NEW YORK — In a season filled with mammoth scoring efforts and a continued embrace of the NBA’s three-point revolution, Russell Westbrook stands as a conspicuous outlier. Fellow MVPs Steph Curry and James Harden have been intent on carrying their teams from beyond the arc this season as they battle for seeding in the Western Conference. Westbrook, by contrast, is missing triples at a near-historic mark.
Of the 1,333 seasons of 180-plus three-point attempts since 2008-09, Westbrook is one just spot out of last place in shooting percentage, with his 23.9% mark from three, ahead of only former 76er Tony Wroten in 2013-14. Westbrook is bricking threes at a worse rate than Andre Roberson, Josh Jackson and Michael-Carter Williams. In the ultra-competitive Western Conference, how worried should the Thunder be about the 2016-17 MVP?
The concern is minimal if you ask Billy Donovan. The fourth-year head coach seemed perplexed by the idea of Westbrook struggling before the Thunder’s 127–109 blowout of the Knicks at Madison Square Garden on Monday, dismissing the concerns over Westbrook’s broken jumper.
“Because of his size, his athleticism, his talent, he can impact the game in so many ways even without a hot shooting night,” Donovan said. “He’s a unique person in getting emotionally ready to play every night with incredible effort.
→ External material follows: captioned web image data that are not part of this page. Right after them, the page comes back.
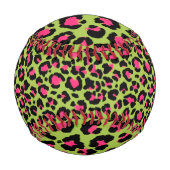 Leopard Muster in Raspberry auf Lime Green Baseball (Rückseite)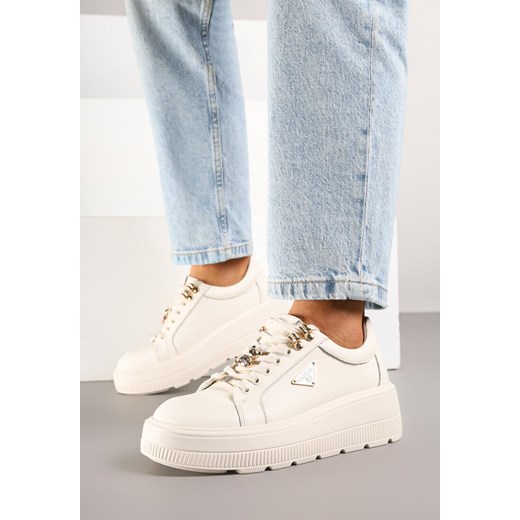 Beżowe Sneakersy na Grubej Podeszwie ze Skóry Naturalnej z Trójkątną Ozdobą Dollassea ze sklepu born2be.pl w kategorii Buty sportowe damskie - zdjęcie 184185806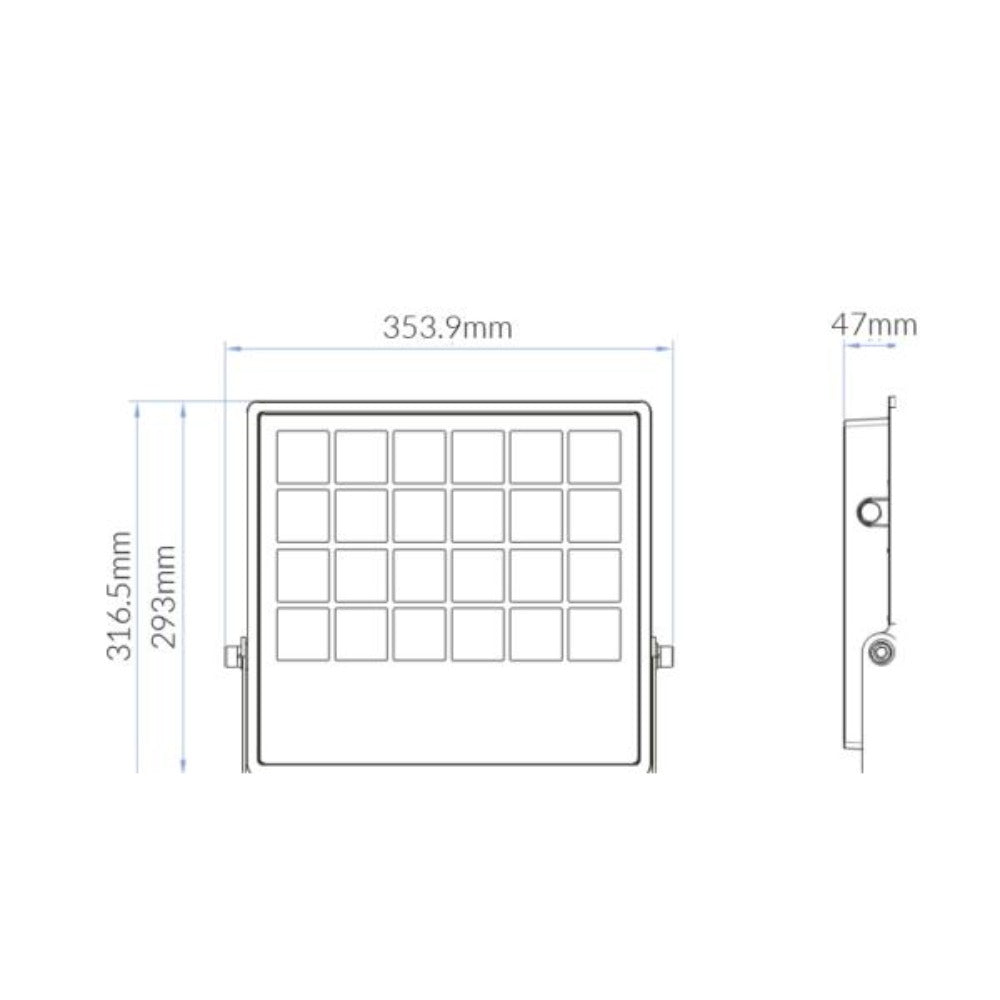 Vibe VBLFL-500 - 150W/200W LED High Output Exterior Floodlight IP66 - 4000K-Vibe Lighting-Ozlighting.com.au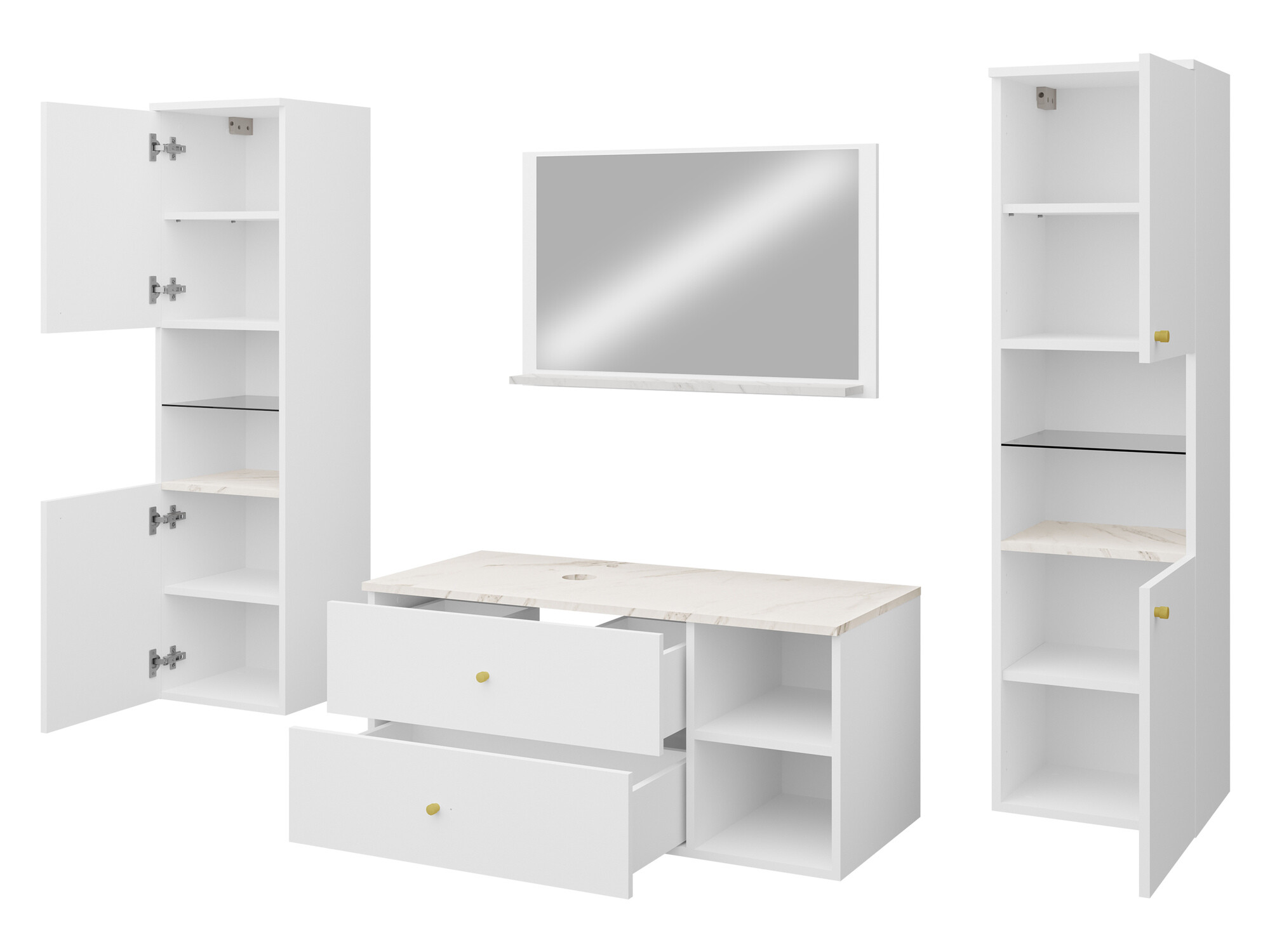 Bathroom set Ophruvi 102 (Walnut + White marble)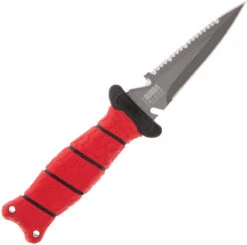 Bubba Blade Pointed Scout Dive Knife, 1107806, 3.5" Gray Double Edge Combo Blade, Red TPR Handle, Polymer Sheath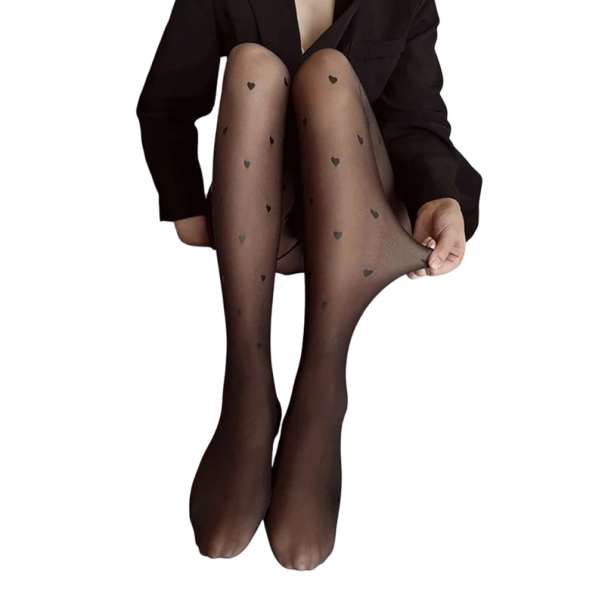 Leggings pretas femininas quentes com corações até ao tornozelo para temperaturas de 15–20 °C Leggings elegantes para a primavera e outono 1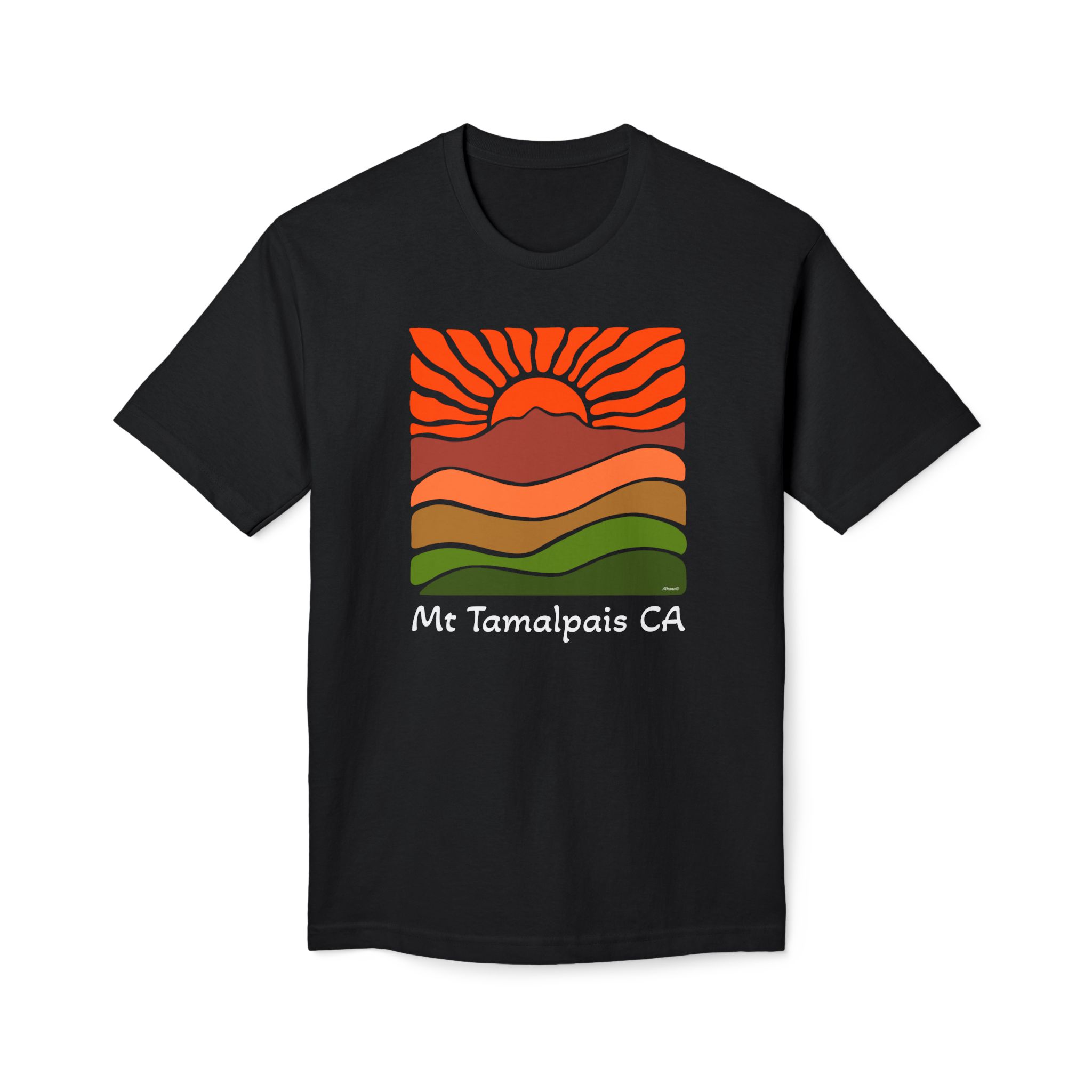 Meduim-Weight T-shirt - Groovy Retro Mt Tamalpais Sun Landscape Sunset Orange - Made and assembled in the USA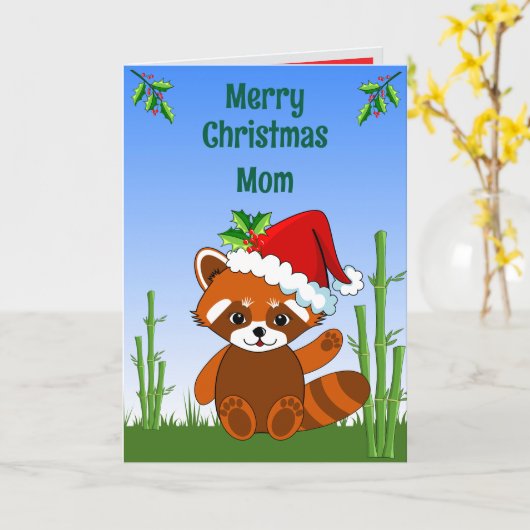 Red Panda Christmas Folded Greeting Card カード (黄色い花)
I never have to worry, ‘Is No. 0 ready to play tonight?’ We know we’ll always get a strong contribution.”
Donovan can afford to have a rosy outlook considering Oklahoma City’s smooth first half of the season. The Thunder sit third in the West at 28–18 following Monday’s victory, ranking No. 7 in the NBA in net rating. With an elite defense and career-year from Paul George, perhaps a subpar shooting effort from Westbrook isn’t such a problem for the Thunder effort.
Such horrid shooting numbers from Westbrook—including his worst effective field goal percentage since 2009-10—would likely sink Oklahoma City in prior years. The inefficiency paired with near-40% usage is a recipe for disaster, though that caricature of Westbrook is likely a thing of the past. He leads the league in assist rate in 2018-19, on pace for the most dimes in his career. After hovering in Harden territory for the past two seasons, Westbrook is now shouldering the load alongside George, not in spite of him. Westbrook’s usage is at 31.4% this season, less than 2% ahead of George. As George continues his best scoring season yet, Oklahoma City’s point guard has assumed a more traditional role.
“Russ gets it all started for us, his energy and speed is a real problem for other teams” Thunder forward Nerlens Noel told The Crossover prior to Oklahoma City’s victory. “We don’t worry too much about our roles but he’s making an effort to involve everyone and find us free baskets.”
Westbrook continued to stuff the stat sheet on Monday afternoon. He registered five rebounds and five assists in the first 18 minutes and didn’t score until he converted a free throw with 6:20 remaining in the second quarter. Westbrook still made an impact on the first half, registering a trio of deflections and a charge while defending Knicks big man Noah Vonleh. Westbrook ended his night with nine assists as he fell just short of his 14th triple-double of the season. Add in 31 points from George, and the Thunder fired on all cylinders in their second-straight road win.
There’s no guarantee Westbrook’s evolution sticks around in the postseason. Game 6 of the Thunder’s first-round exit against Utah last year featured 46 points from Westbrook on 43 shots. He emptied the chamber as George went 2-of-16 from the field. If Oklahoma City struggles to score in April, Westbrook could revert to his old ways.
Yet through 46 games, it looks as though Westbrook’s evolution is here to stay, in large part due to the strength of his supporting cast. George looks comfortable as an alpha scorer, while Dennis Schroder and Terrance Ferguson are providing a perimeter boost that was previously lacking. Oklahoma City is forming an identity, with a facilitating Westbrook at the heart of its attack.